Un autre, d’un avis différent, écrit : « Outre que Boulanger vend des bouillons, on trouve aussi à manger solide chez lui. Mais comme il n’est pas traiteur, il ne peut servir de ragoûts. En place, il donne des volailles au gros sel, des œufs frais. Et cela servi sans nappe, sur de petites tables en marbre. »
D’autres restaurateurs se sont établis à l’imitation de Boulanger. Ils pratiquent eux aussi des prix élevés, comme les y incite à la fois la nouveauté de leur état et la mode qui s’y est attachée.

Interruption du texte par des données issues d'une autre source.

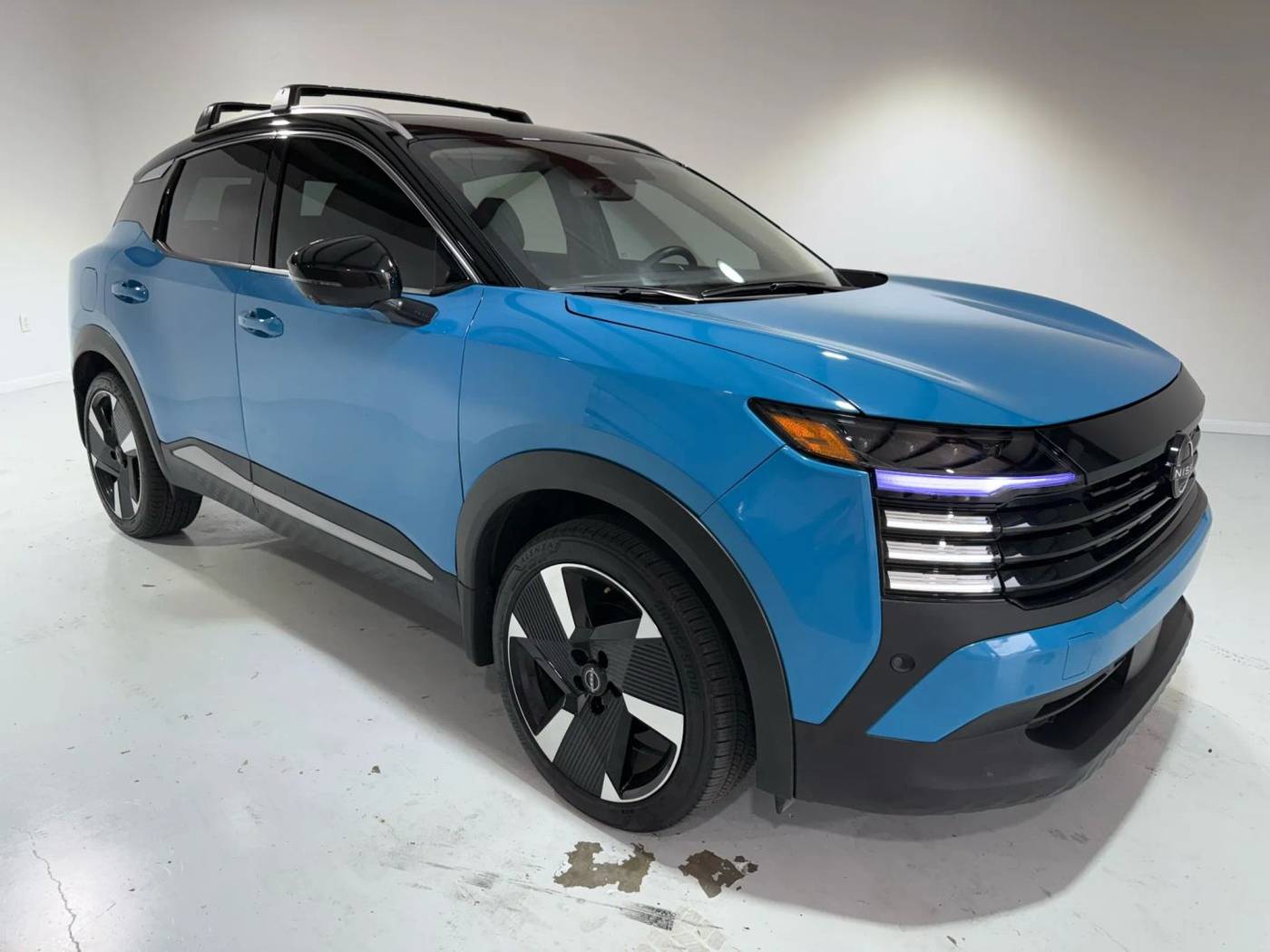 2025 Nissan Kicks SR — SUV — 5,039 mi — Houston, TX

On peut lire : « Telle personne qui n’aurait pas osé s’asseoir à une table d’hôte chez un traiteur va sans difficulté payer le même dîner, à prix fort élevé, chez le restaurateur. »
Allons plus loin
Un arrêt, signé du Prévost de Paris et publié le 8 juin 1786, autorise les traiteurs et restaurateurs à recevoir des clients dans leurs établissements et d’y donner à manger jusqu’à onze heures du soir en hiver, minuit en été.
C’est la première fois qu’un document officiel fait mention du mot « restaurateur ».

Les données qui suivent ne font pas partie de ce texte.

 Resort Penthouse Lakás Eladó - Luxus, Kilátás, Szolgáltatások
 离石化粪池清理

Un certain mystère demeure donc concernant l’identité du tout premier restaurateur. L’auteur a cité Boulanger, établi rue Bailleul, qui avait écrit sur son enseigne dès 1765 « Boulanger débite des restaurants divins ». Etait-ce un nommé Chantuisseau (ou Chant-d’Oiseau) déjà établi en 1762 rue des Poulies, près de Saint-Germain l’Auxerrois ? L’auteur avance l’hypothèse qu’il s’agissait d’un seul et même personnage : Champs d’Oiseau étant le surnom du bonimenteur Boulanger, lequel ne répugnait pas à racoler le chaland passant devant sa porte.